Il épousa en 1895 Hélène Boeringer, une jeune mulhousienne et eut 4 enfants dont 3 eurent une postérité :
- Suzane, mes cousins Dollfuss
- Etienne Auguste Alfred
- Francine, mes cousins Leenhardt
Né à Montélimar en 1900, il épousa en 1923 Hélène Goguel, une jeune sedanaise (ma maman) et mourut à Paris en 1981.
Il eut 12 enfants dont 10 ont une postérité.
- Robert
- Ginette
- Daniel
- Jacques
- Michel
- Odette
- Denise
- Claudine
- Yves
Ce petit ruisseau «Soubeyran» qui vient de si loin a été rejoint et enrichi par mille autres petits ruisseaux. Tous ensemble, ils ont fait ce que nous sommes aujourd’hui.
Ainsi va la vie.
Merci papa et grand-grand-grand-(…combien?)-grand papa d’avoir écris et rendu visible ces lignes! 🙂
Juste une précision sur notre lien avec Louis Soubeyran, le chercheur des origines de notre famille. Il n’était pas notre grand-grand-…-père, mais un cousin très éloigné de la branche cadette, alors que nous descendons de la branche ainée.
Le-dit ainé est Pierre-Abraham (1745-1801) et le cadet Antoine (1747-1798), tous deux fils d’Abraham(III) S. et Suzanne Lautier qui ont vécu dans la première moitié du 18ème siècle. Les contemporains des 2 branches, Ernest Soubeyran (le père d’Etienne) et Louis Soubeyran sont donc cousins à la 4ème génération.
Cela n’enlève rien à la qualité des travaux de Louis Soubeyran qui a travaillé sur toutes les branches Soubeyran et alliées. Songeons qu’il se rendait en bus à Privas pour consulter les archives et qu’il correspondait uniquement par courrier et sans doute par téléphone. Aujourd’hui, nous faisons le tour de France des archives en quelques clics.
L’excellente synthèse ci-dessus a été réalisée par Odette à l’occasion d’une cousinade.
C’est avec une petite émotion que je suis tombée un peu par hasard ces gentils hommages au travail de Louis Soubeyran. Depuis un an je travaille à mieux le connaître et je confirme son livre est remarquable dans le contexte de l’époque et « dans l’absolu »….
Laurence Rochas Chabauty petite fille de Louis Soubeyran
Ps je peux fournir un index amélioré
Bonjour,
C’est Marie-Annick (fille d’Aude Soubeyran, arrière petite fille de Adrien), c’est tellement étrange pour moi de lire ici tous ces noms qui me sont très familiers parce que ma mère m’en a souvent parler : Dolfuss, Goguel, Leenhardt. Autrefois tous les cousins éloignés restaient néanmoins très proches!

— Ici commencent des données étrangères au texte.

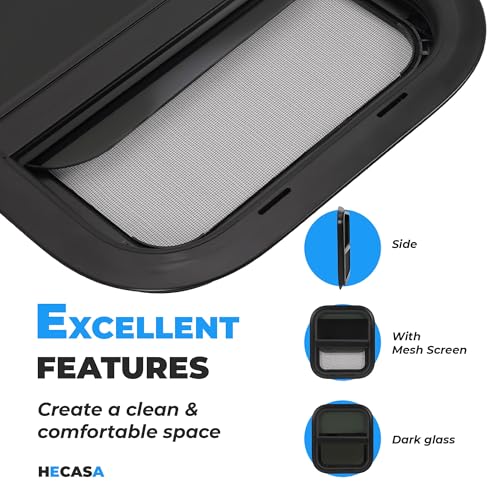 HECASA Universal 14" x 16" RV Window w/Screen Compatible with RV Camper Cargo Trailer Replacement Teardrop Vertical Slider Window Powder Coated Tinted Glass - size: 14" W x 16" H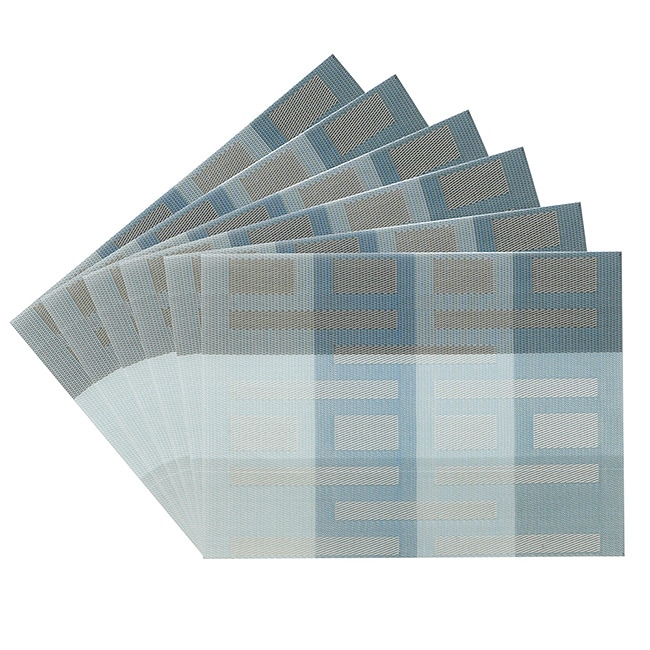 Illusions Woven Vinyl Turquoise Placemats (Set of 6)  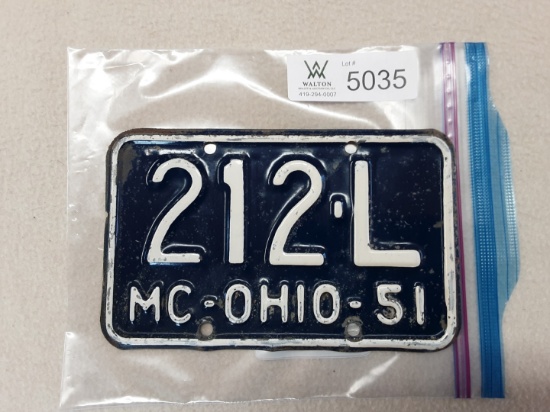 Ohio 1951 Motorcycle Plate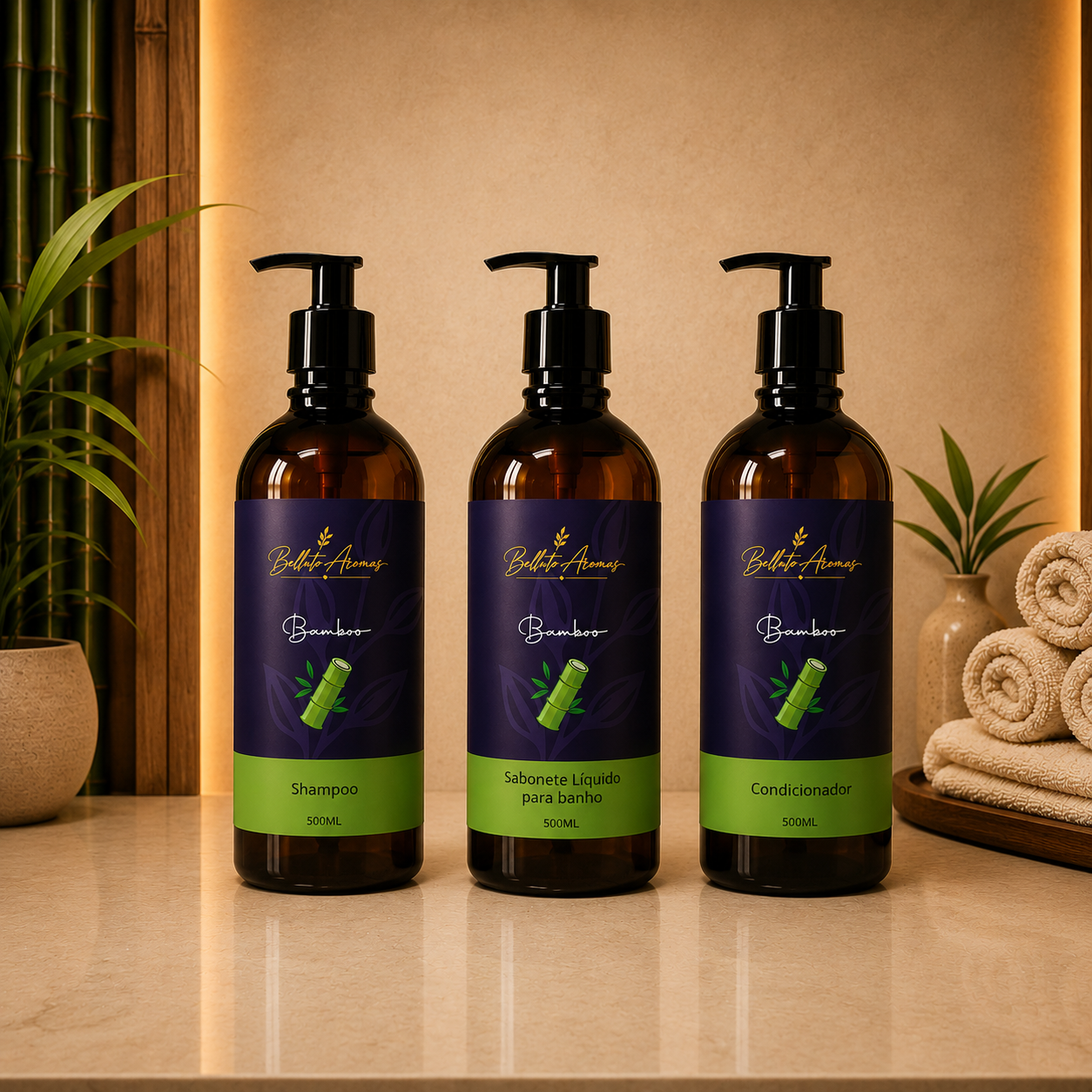Kit Belluto Aromas Bamboo – Linha Completa de Cuidado e Bem-Estar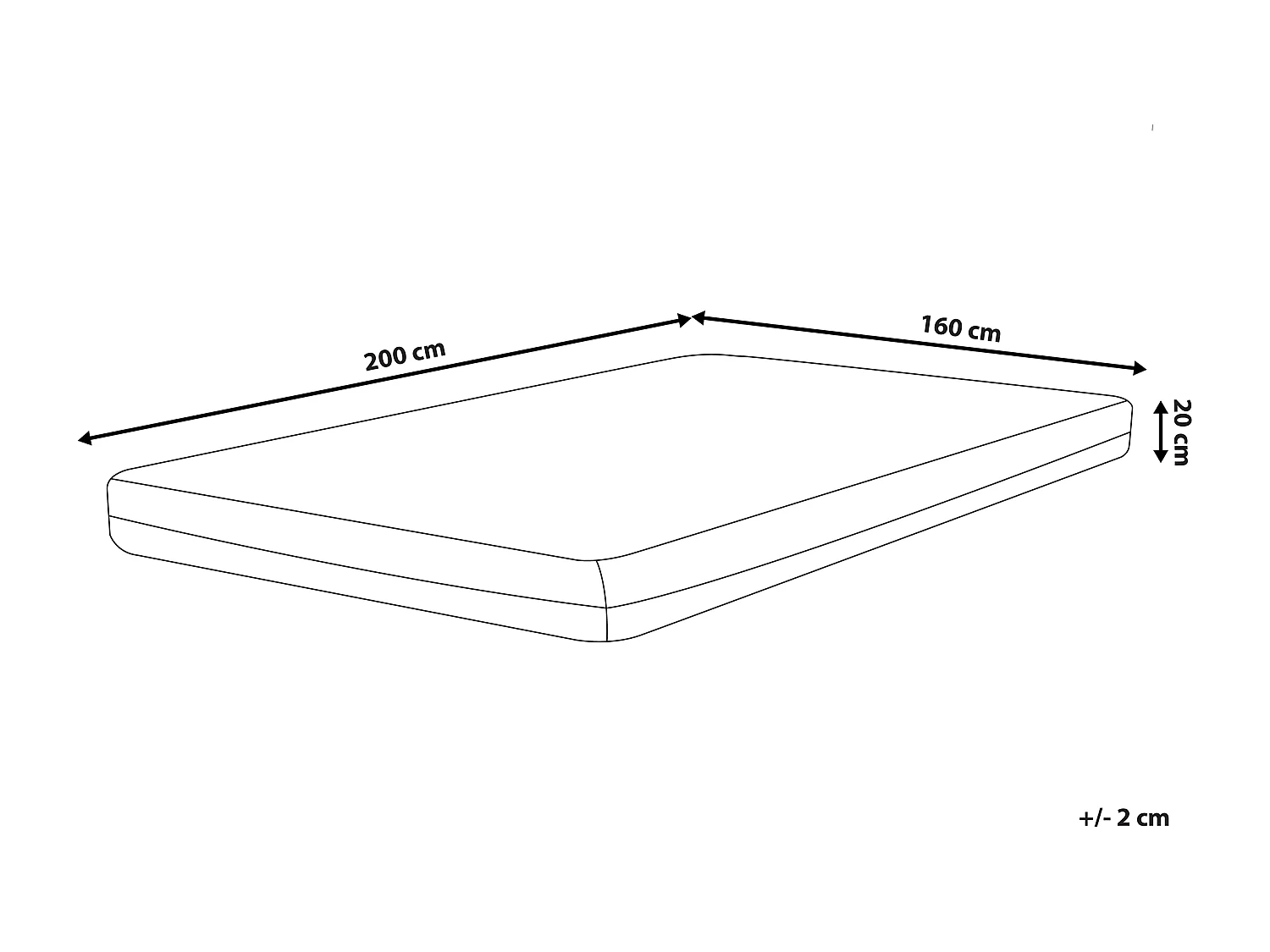 Traagschuim matras GLEE Middelhard 160 x 200 cm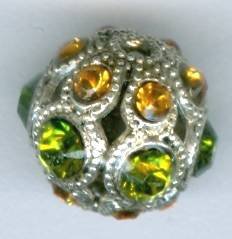 1 8mm Swarovski Encrusted Round Filigree Bead - Antique Silver with Olivine and Topaz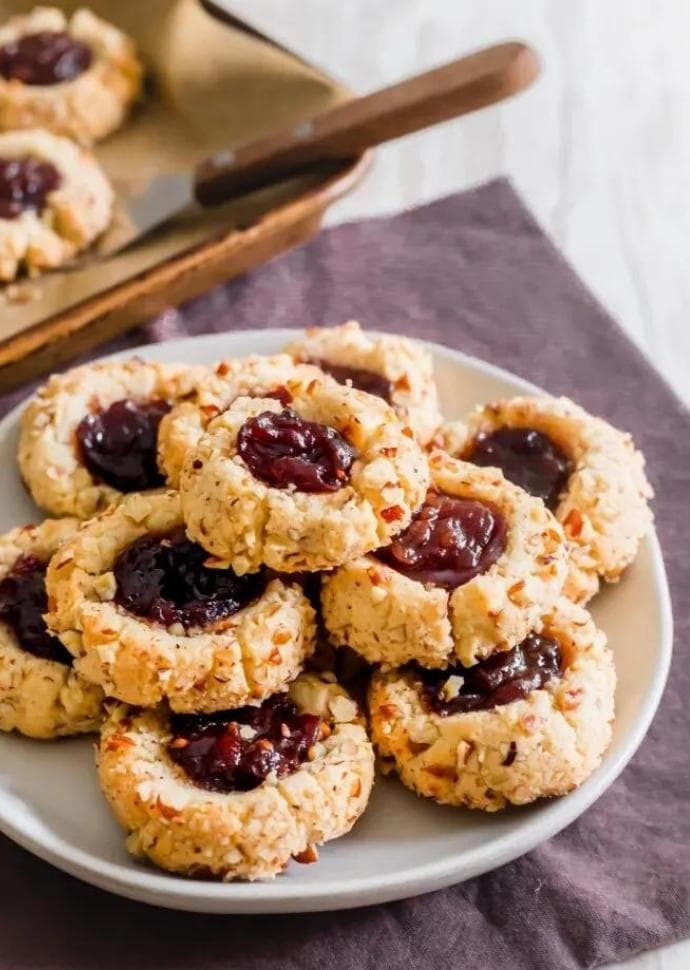 vegan thumbprint cookies,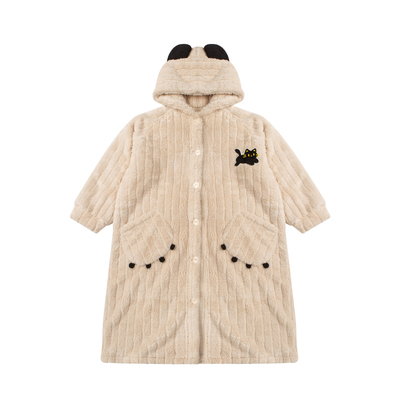 法兰绒简约棉秋冬季纽扣保暖睡袍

Je ne peux m’empêcher d’avoir une certaine nostalgie pour cette époque que je n’ai pas connue, où sans les médias et internet les liens sociaux et familiaux étaient tellement plus forts, en tous cas chez les protestants!
Amicales salutations depuis Bordeaux!
Bonjour,
Je me suis lancé dans un arbre généalogique voilà maintenant plus de 10 ans. J’ai trouvé sur ce blog une mine d’informations sur l’histoire de mon arrière grand oncle. Ma grand mère (Renée Soubeyran, fille d’André Soubeyran) m’avait déjà beaucoup parlé de son histoire familiale.